- [Exercise requirements]: In the entries that follow, find the line containing "SweetJaneOfficial: Kelipan batang" and the line containing "Watch, Luxury Watches", then copy exactly everything from the first through the second except the pictures.

- [Recorded data]:
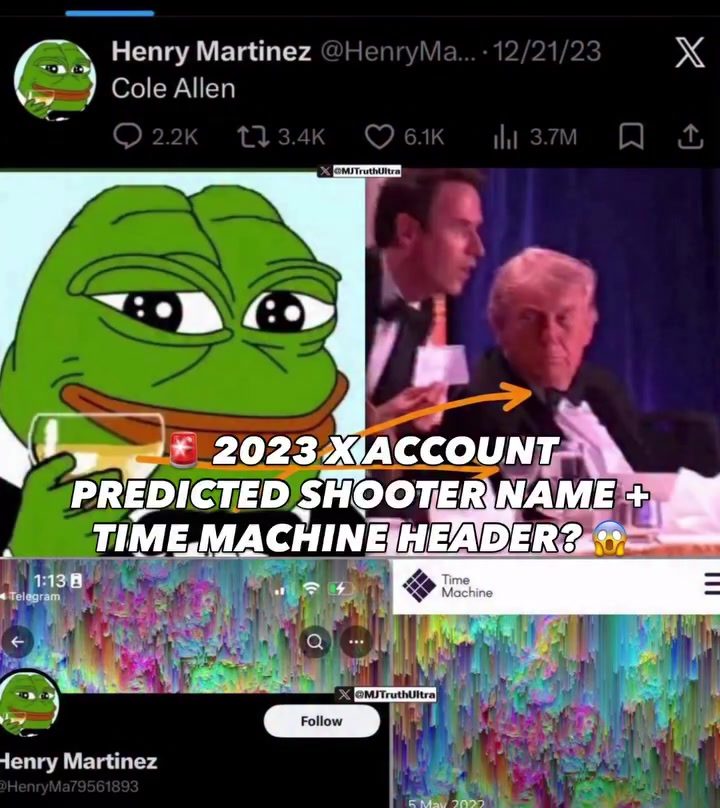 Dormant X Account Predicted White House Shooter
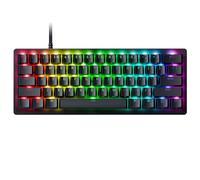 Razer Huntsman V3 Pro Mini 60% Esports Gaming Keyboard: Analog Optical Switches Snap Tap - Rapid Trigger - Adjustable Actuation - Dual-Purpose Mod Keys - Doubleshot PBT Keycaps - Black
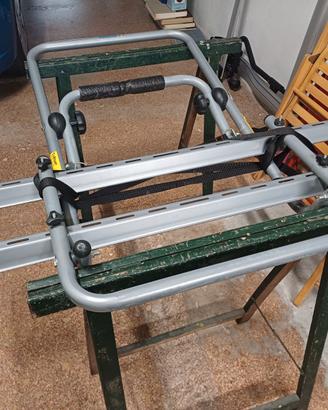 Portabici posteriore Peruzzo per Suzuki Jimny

* * *

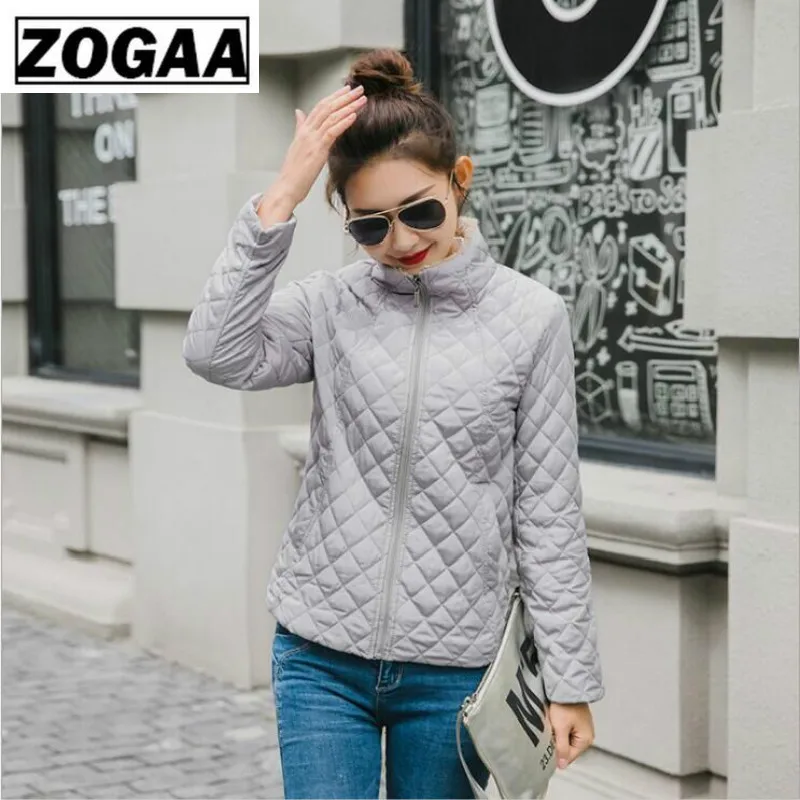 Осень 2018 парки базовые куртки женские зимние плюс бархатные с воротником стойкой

--

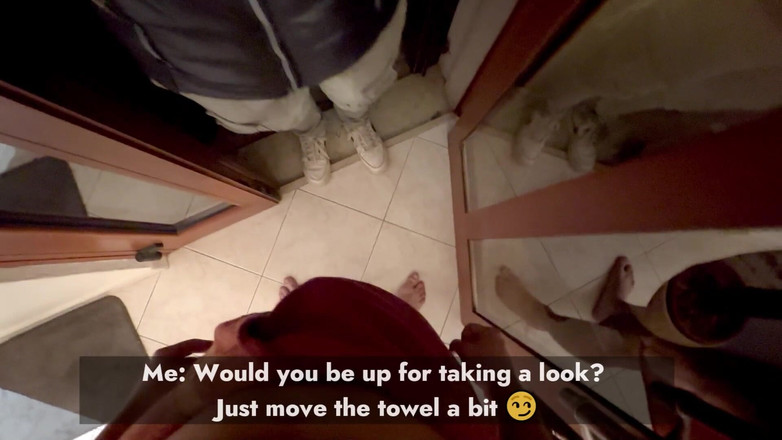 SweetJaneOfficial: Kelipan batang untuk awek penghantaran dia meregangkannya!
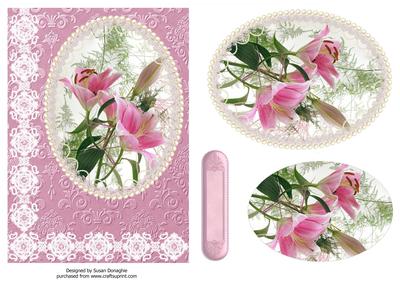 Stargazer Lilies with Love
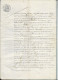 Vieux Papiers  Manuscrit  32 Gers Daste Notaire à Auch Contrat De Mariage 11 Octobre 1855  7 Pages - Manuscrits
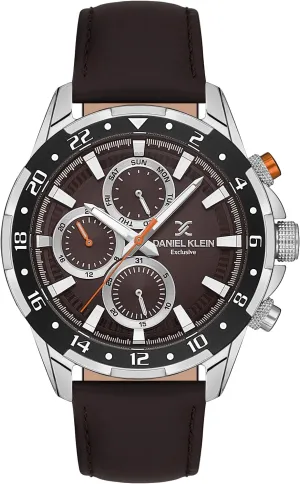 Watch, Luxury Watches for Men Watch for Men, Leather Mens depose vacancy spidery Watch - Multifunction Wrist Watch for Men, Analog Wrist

- [Solution for this exercise]:
 SweetJaneOfficial: Kelipan batang untuk awek penghantaran dia meregangkannya!
 Stargazer Lilies with Love
 Vieux Papiers  Manuscrit  32 Gers Daste Notaire à Auch Contrat De Mariage 11 Octobre 1855  7 Pages - Manuscrits
 Watch, Luxury Watches for Men Watch for Men, Leather Mens depose vacancy spidery Watch - Multifunction Wrist Watch for Men, Analog Wrist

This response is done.